RECORDED INFORMATION section start

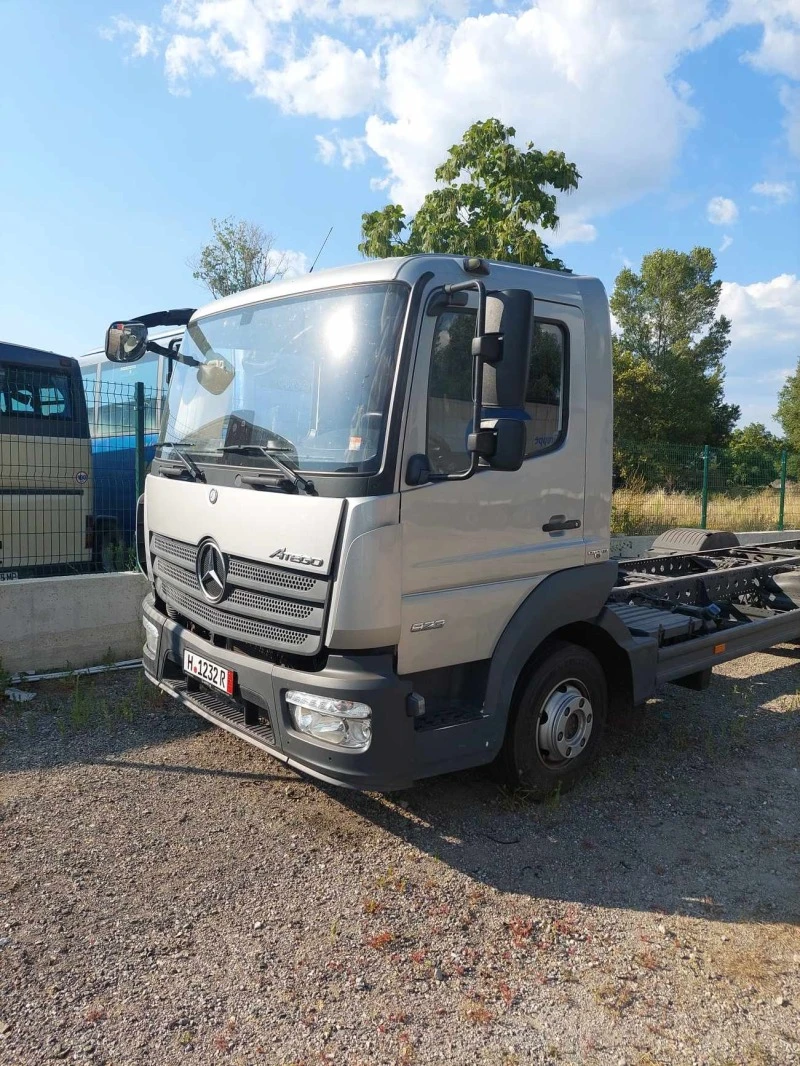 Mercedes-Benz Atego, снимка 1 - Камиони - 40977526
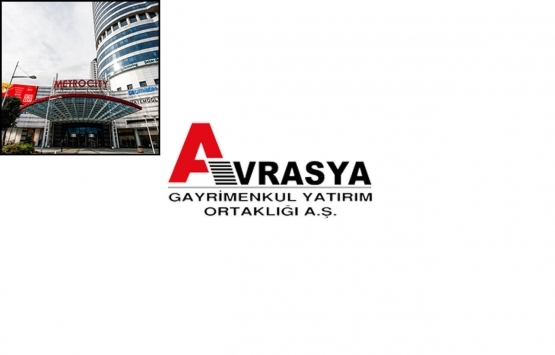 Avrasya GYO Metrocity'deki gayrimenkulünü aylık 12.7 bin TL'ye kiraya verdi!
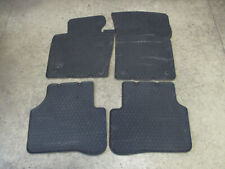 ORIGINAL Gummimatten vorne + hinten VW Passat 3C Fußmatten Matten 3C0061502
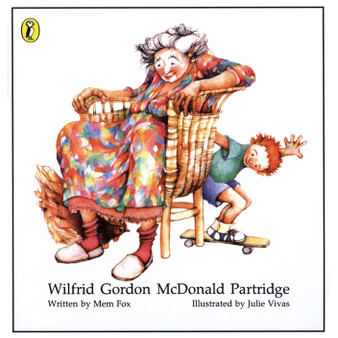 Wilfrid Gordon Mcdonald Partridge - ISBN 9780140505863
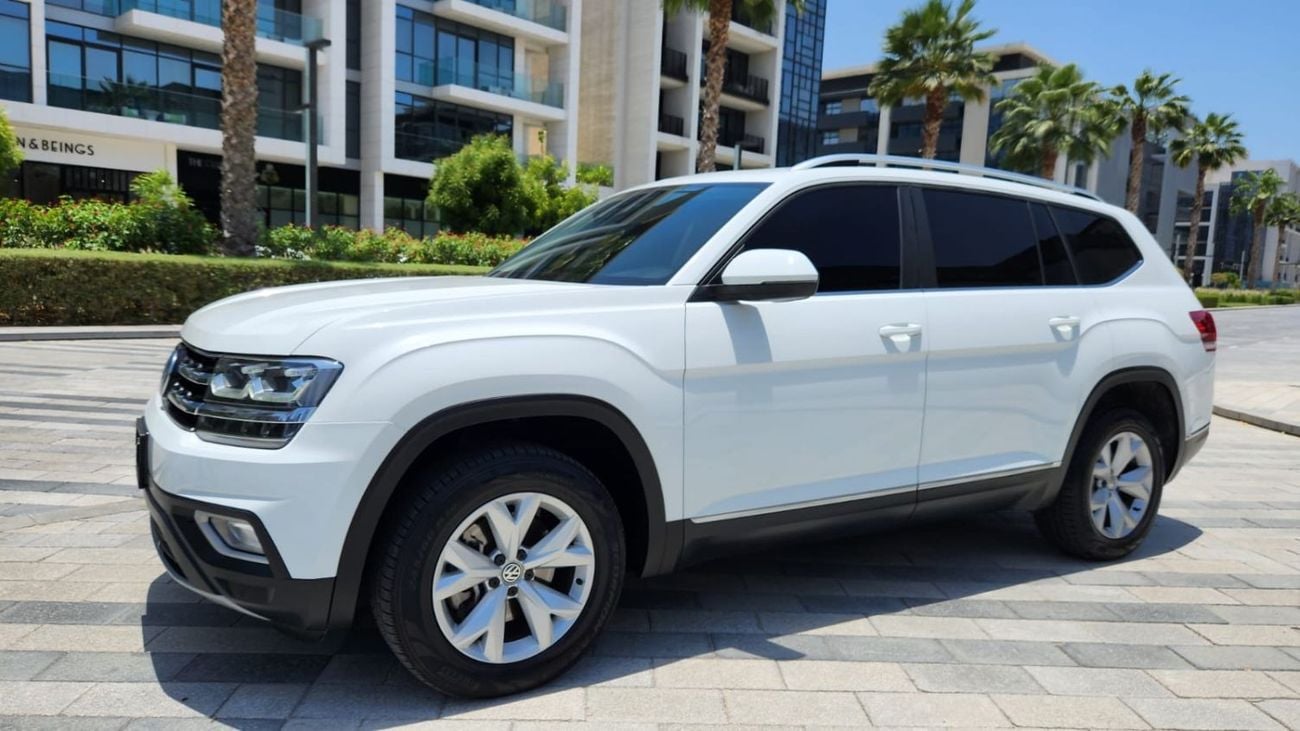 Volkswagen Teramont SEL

RECORDED INFORMATION section end

- [DIRECTIONS FOR THIS TASK]
Where a picture appears in the material above, skip it, and print the rest exactly.

- [SOLUTION FOR THIS TASK]
 Mercedes-Benz Atego, снимка 1 - Камиони - 40977526
 Avrasya GYO Metrocity'deki gayrimenkulünü aylık 12.7 bin TL'ye kiraya verdi!
 ORIGINAL Gummimatten vorne + hinten VW Passat 3C Fußmatten Matten 3C0061502
 Wilfrid Gordon Mcdonald Partridge - ISBN 9780140505863
 Volkswagen Teramont SEL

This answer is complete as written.